Il est à noter que dans cette région, il y a plusieurs fours à briques qui produisent des émissions contenant des taux élevés en fluorure. Le processus de fabrication de briques et de fertilisants en Afrique du Nord produit généralement ces taux excessifs de fluorure parce que les pierres calciques et phosphatées dans ces régions sont riches en fluor. Lorsque ces matériaux sont chauffés à des hautes températures, la fumée produite est riche en fluorure, pouvant ainsi être directement respiré par les animaux et humains, ou bien elle peut se déposer sur les pâturages et les contaminer.
Propriétés générales du fluorure
Sources
Le fluorure fait partie des substances toxiques d’origine industrielle, quoique dans les régions du monde où il y a une activité volcanique importante tel l’Islande, la contamination est d’origine naturelle.
À plusieurs endroits en Amérique du Nord, l’eau potable contient des taux variables de fluor (d’ailleurs, le débat sur la nécessité d’ajouter du fluor dans nos eaux n’est pas encore résolu.) Cependant, la plupart des cas d’intoxication par les eaux fluorinées provient de puits artésiens très profonds.
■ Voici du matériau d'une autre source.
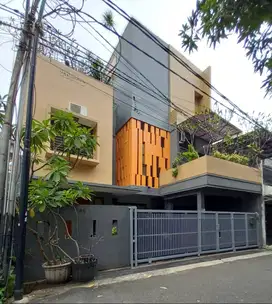 Dijual Rumah cantik Furnished siap huni di Asem baris Tebet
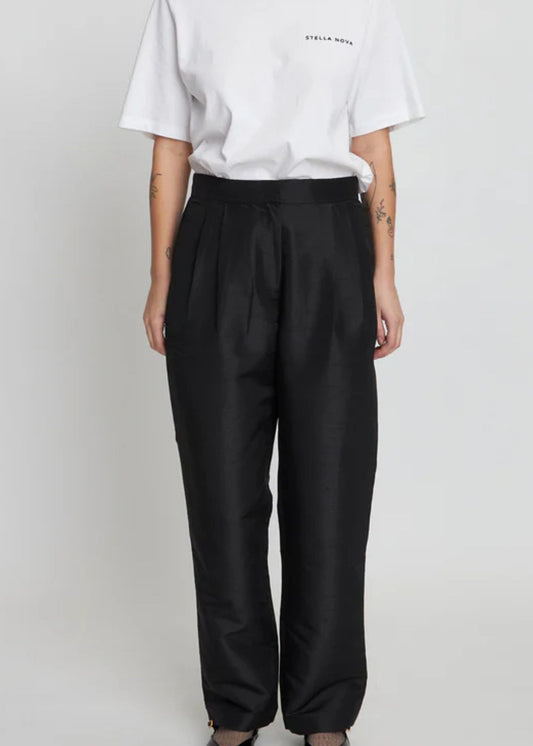 Crispy Pleated Pant-Black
Une autre source importante d’intoxications en Amérique du Nord est l’utilisation de suppléments minéraux phosphatés qui contiennent des fluorures. L’AAFCO a établi le rapport minimal phosphates:fluorures à 100:1.
Au Québec, la source primaire d’intoxications provenait autrefois de l’industrie de l’aluminium (par le processus électrolytique), qui produisait des émissions à des niveaux toxiques jusqu’à 14 km sous le vent de la source. Aujourd’hui, les lois sur les émissions industrielles font en sorte que les cas d’intoxication sont plus rares, mais le taux légal de 1µg/m3 n’est pas encore assez bas pour prévenir toute contamination.
Toxicité
Le seuil de la toxicité chez la plupart des grands animaux est de 30 à 60 ppm. Cependant, s’il se produit des contaminations intermittentes en excès du niveau de la tolérance, on peut observer des lésions dues à la fluorose sur les dents et les os.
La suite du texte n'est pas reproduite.